Extreme Redundancy – Don’t Leave Home Without It!

Visa’s command and control center—somewhere on the east coast of the United States—is a case study in redundancy with intense security, backups (for everything), and failover processes for system failures. And while most businesses don’t require these same levels of high availability for their own information networks and data centers, Visa can certainly teach a course on risk management to those who don’t believe such redundancy is necessary.

In the past four years, the unthinkable is happening more often than predicted. From the global stock market meltdown of 2008, to the Japanese tsunami disaster at Fukushima, to flooding in Thailand, and many other prominent examples, there’s Black Swans aplenty without signs of abatement.

Most of these events were near impossible to predict, but it’s entirely within the realm of risk management to prepare for heavy tails. The key to countering effects from extreme outlier events, says Black Swan author Nassim Taleb, is to build redundancy into business processes. He counsels companies, enterprises and even countries to “avoid optimization (and) learn to love redundancy.”
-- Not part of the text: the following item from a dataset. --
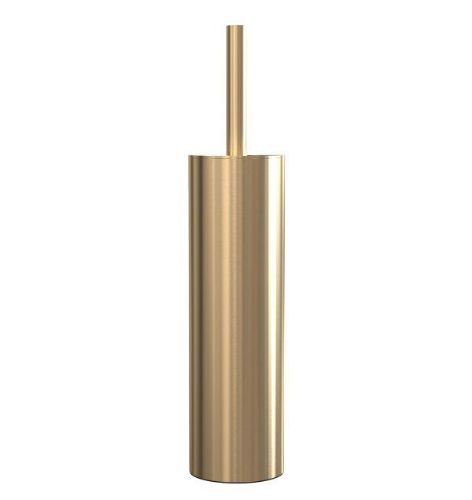 FROST NOVA2 Toiletbørste 1 t/gulv H: 41,5cm - Børstet Guld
And while it may be a progressive example, Visa provides a well documented case study into managing fourth quadrant risk.  A Fast Company article titled, “Visa is Ready for Anything” provides a rare view in Visa’s data centers where 150 million daily transactions are processed.  Taking a page from NASA’s Mission Control, this data center monitors Visa network security, availability and capacity on a 24x7x365 basis. And meeting the definition of a “Tier 4” data center; “every major system—mainframes, air conditioners batteries etc, has a backup.”  With backups for backups and disaster planning in place, this data center is designed to withstand attacks from all sorts of events – terrorism, hackers, and even natural disasters such as earthquake and/or tornado.
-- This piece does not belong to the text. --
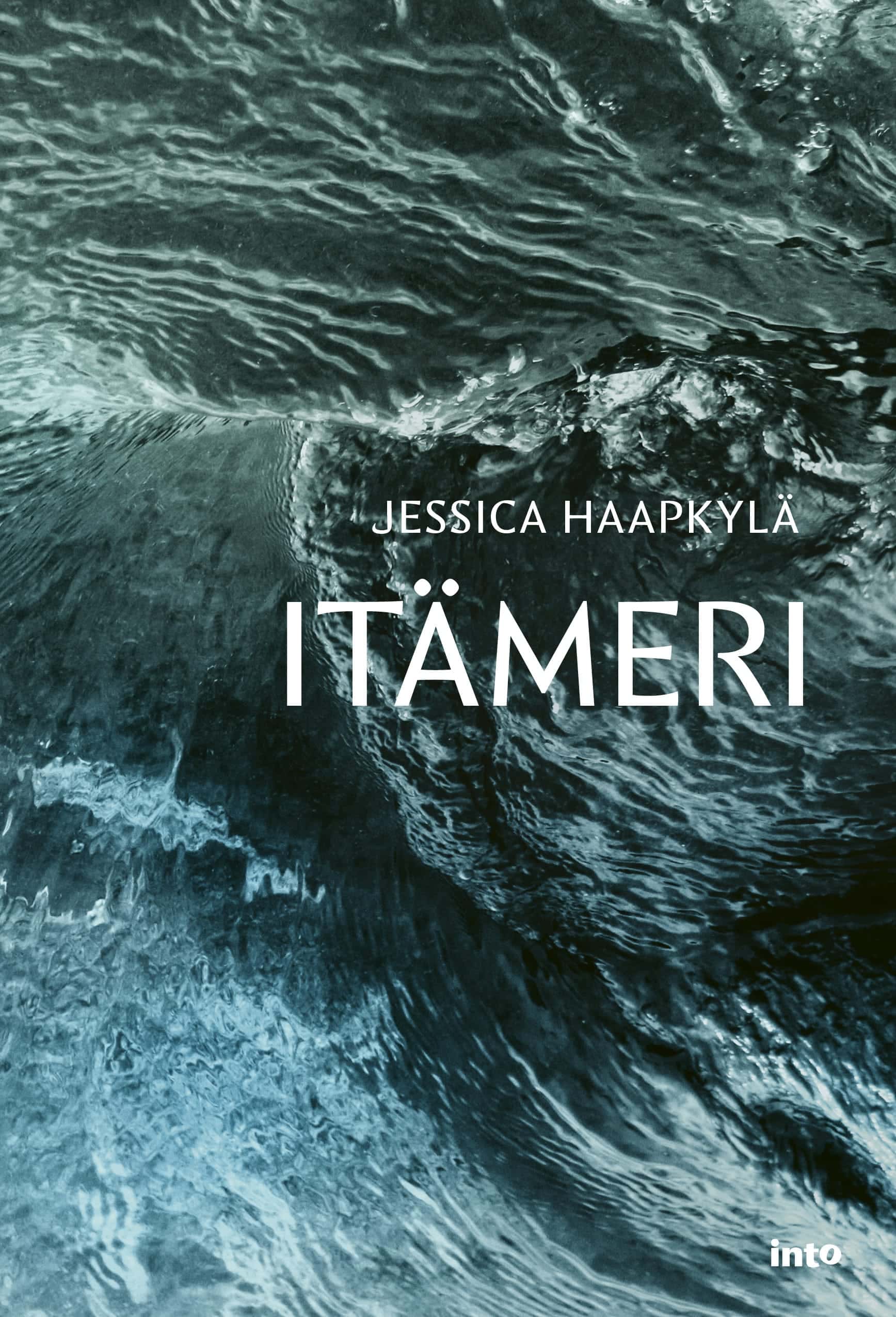 Itämeri-kirjan kannessa on merivettä.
While it’s true that Black Swans are about “unknown, unknowns”, and preparation for every type of risk is not only unrealistic but also too expensive, there is much companies can do to build more redundancy into daily operations. Redundancy is especially relevant as “interlocking fragility” of global communication, supply chain, and financial networks means correlations move to one with increasing frequency.

Today’s business culture celebrates “optimization” for every process; in essence living as near the edge as possible without falling off the cliff.  That’s a dangerous strategy for today’s interconnected world, especially because extreme events can take networks offline for hours, days and even weeks, costing companies tens of millions in lost revenues.

Critics of redundancy argue that robustness is too expensive. But Dr. Taleb counters; “Redundancy is like (being) long on an option, you certainly pay for it but it may be necessary for survival.”